═══ RECORDED DATA
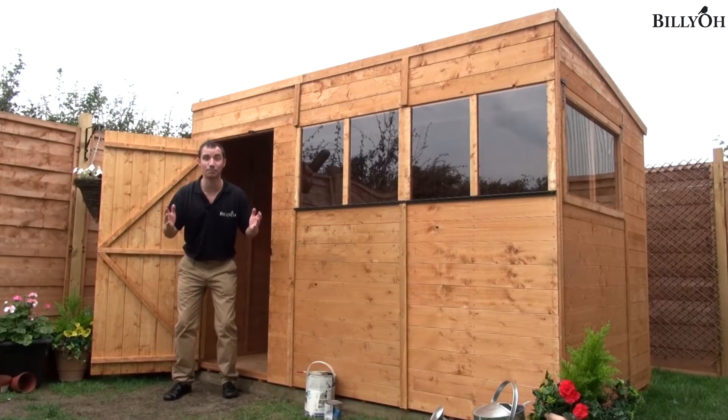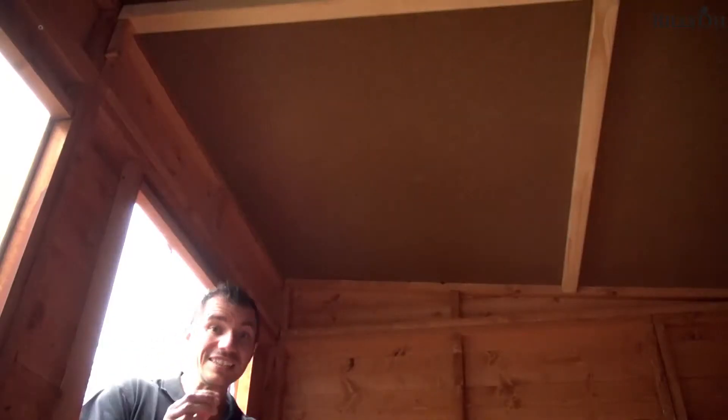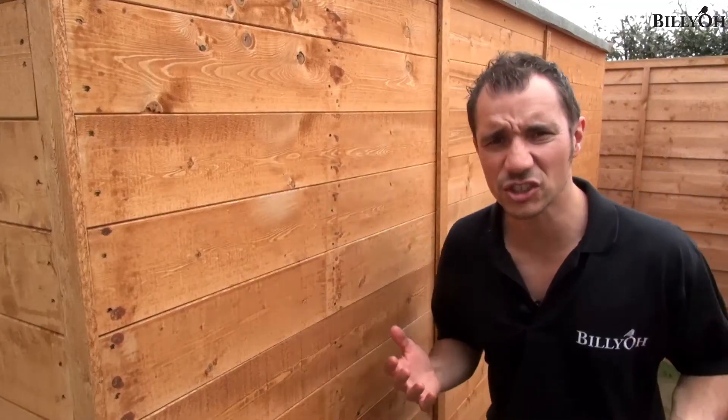This is the Billio 5000 Pent Garden Shed, and it's probably the most versatile shed that we do. It's got great headroom, enjoy the fresh air thanks to this opening window, and it's super strong.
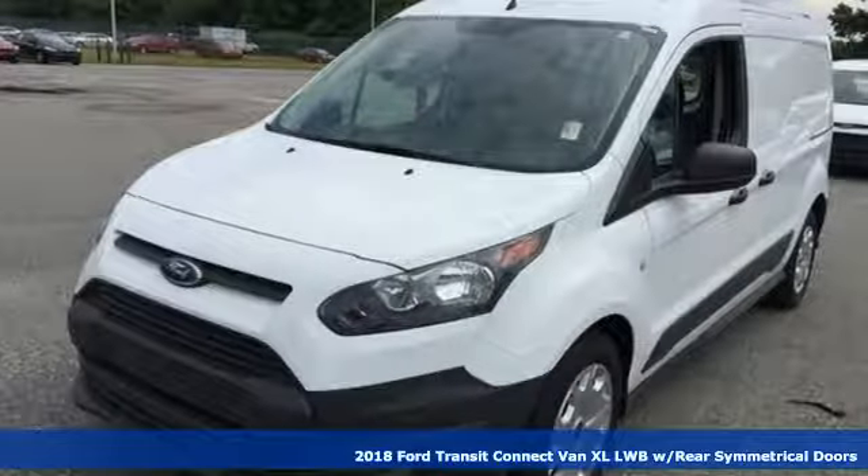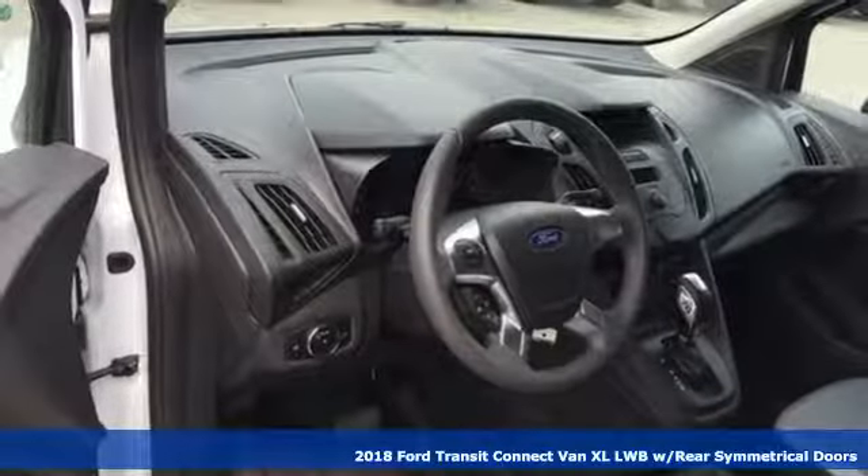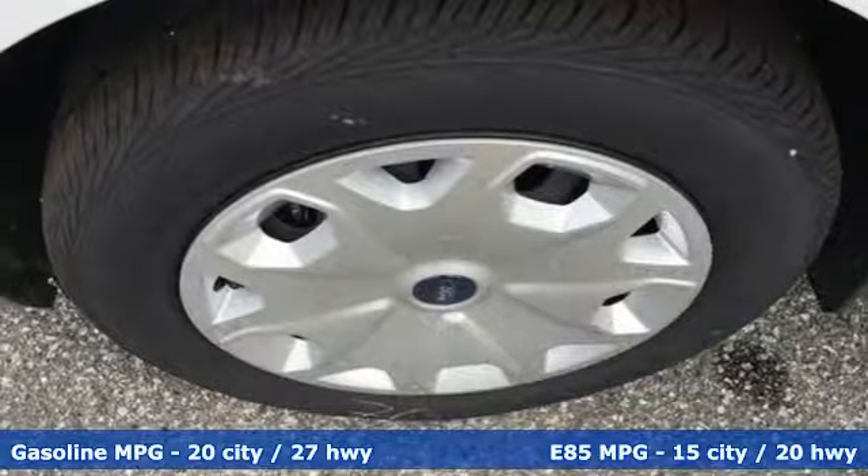It's a new 2018 Ford Transit Connect van. Take your shop everywhere you go and accelerate your business. And with features like these, every drive is a pleasure.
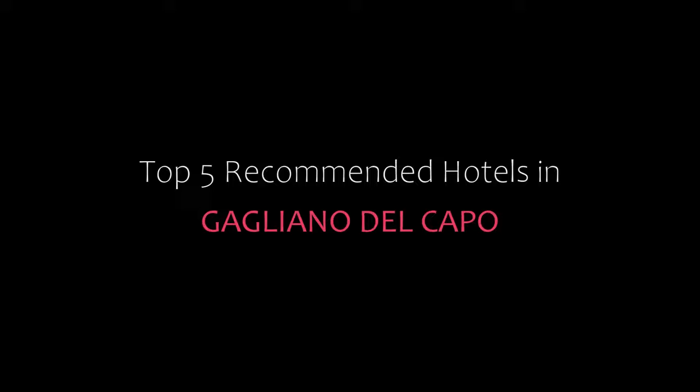Hi everybody, welcome back to my YouTube channel. You are watching a new video of top recommended hotels. Please subscribe to my channel and don't forget to like, share and comment. Let's start the video.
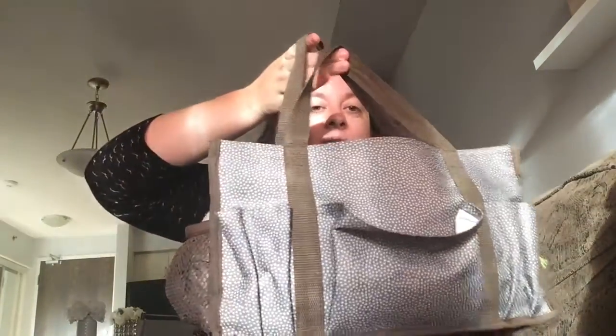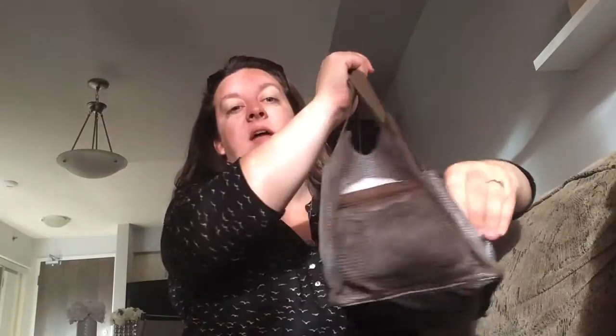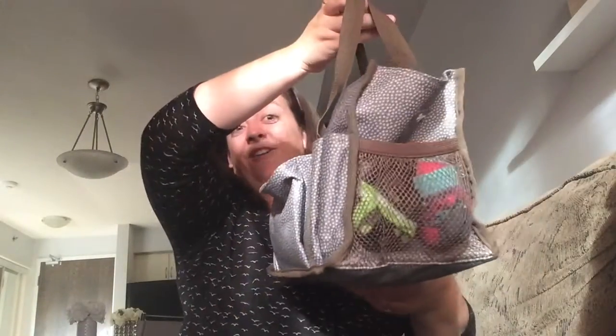To start, the actual bag that I use is a 31 tote. I bought this forever ago. I have a wonderful 31 consultant — I will link her down in the description — because it has all these little compartments on the sides and on the ends, and it is the perfect size for me and everything I need.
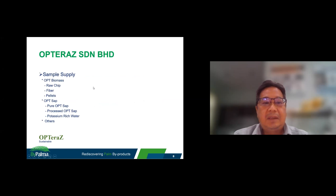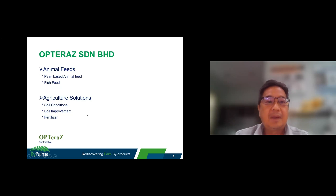For sample supply, we are able to supply oil palm biomass in terms of raw chips, fiber, or pallets of all kinds. We are also able to supply sap in terms of pure OPT sap or processed OPT sap, as well as potassium-rich water or sugar-rich juice. During this experiment, we also found that we are able to produce animal feed or fish feed from OPT fiber, and also produce soil conditioning and soil improvement fertilizer from this oil palm fiber.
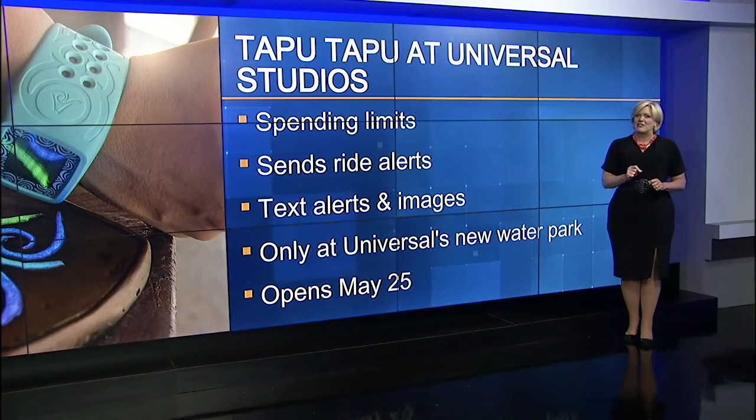You will have to buy them, and they're not usable in other Universal parks, just that brand new water park, which, by the way, you can see along I-4, and it looks awesome.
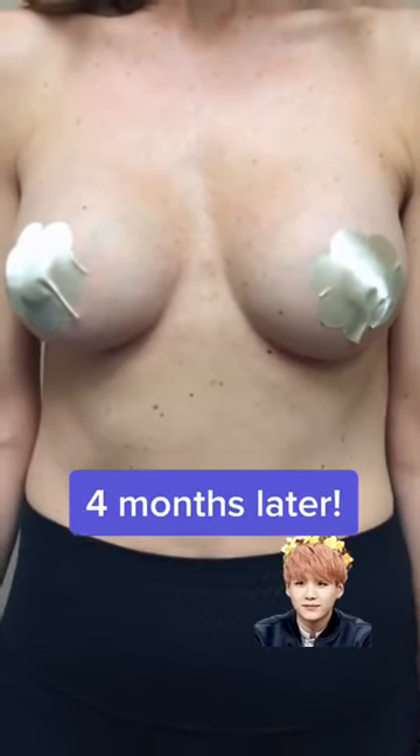Here she is immediately after surgery looking a bit swollen. Four months later she's a large B cup and looks and feels natural.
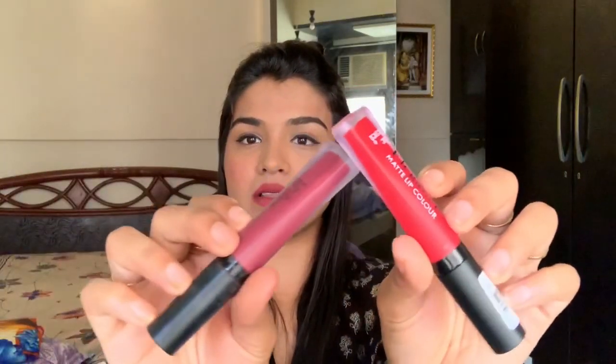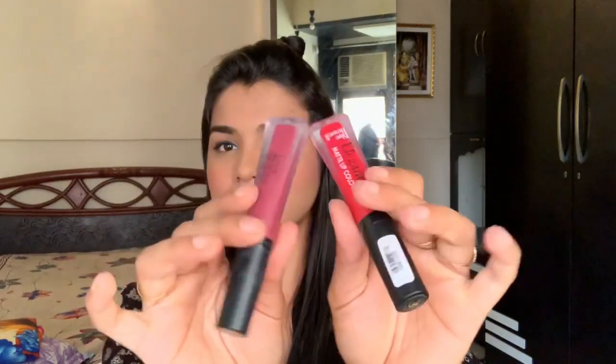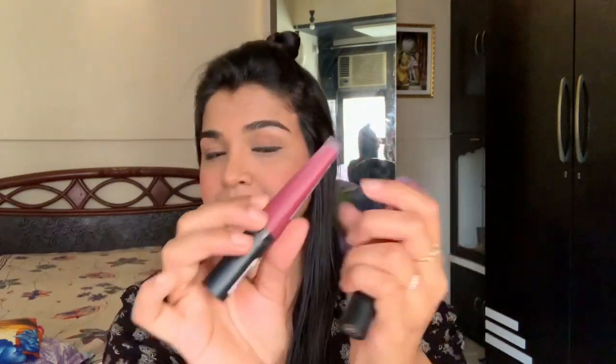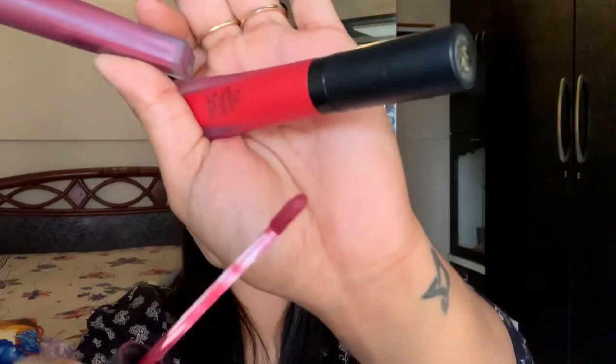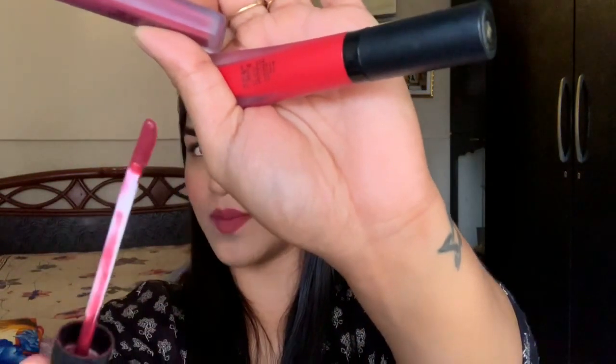Let's talk about packaging. They come in frosted plastic packaging, which is pretty decent — not extremely cheap but not premium either. It's okay for the price. When you open it, there's a twist mechanism and a standard doe-foot applicator — nothing new or special about it.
══════
» YOUR INSTRUCTIONS
From the line that holds "Hi everybody, welcome" to the last line of the data, return those lines exactly and nothing else; both ends count, and pictures stay out.

» EXERCISE ANSWER
Hi everybody, welcome back to my YouTube channel. You are watching a new video of top recommended hotels. Please subscribe to my channel and don't forget to like, share and comment. Let's start the video.
To start, the actual bag that I use is a 31 tote. I bought this forever ago. I have a wonderful 31 consultant — I will link her down in the description — because it has all these little compartments on the sides and on the ends, and it is the perfect size for me and everything I need.
For sample supply, we are able to supply oil palm biomass in terms of raw chips, fiber, or pallets of all kinds. We are also able to supply sap in terms of pure OPT sap or processed OPT sap, as well as potassium-rich water or sugar-rich juice. During this experiment, we also found that we are able to produce animal feed or fish feed from OPT fiber, and also produce soil conditioning and soil improvement fertilizer from this oil palm fiber.
You will have to buy them, and they're not usable in other Universal parks, just that brand new water park, which, by the way, you can see along I-4, and it looks awesome.
Here she is immediately after surgery looking a bit swollen. Four months later she's a large B cup and looks and feels natural.
Let's talk about packaging. They come in frosted plastic packaging, which is pretty decent — not extremely cheap but not premium either. It's okay for the price. When you open it, there's a twist mechanism and a standard doe-foot applicator — nothing new or special about it.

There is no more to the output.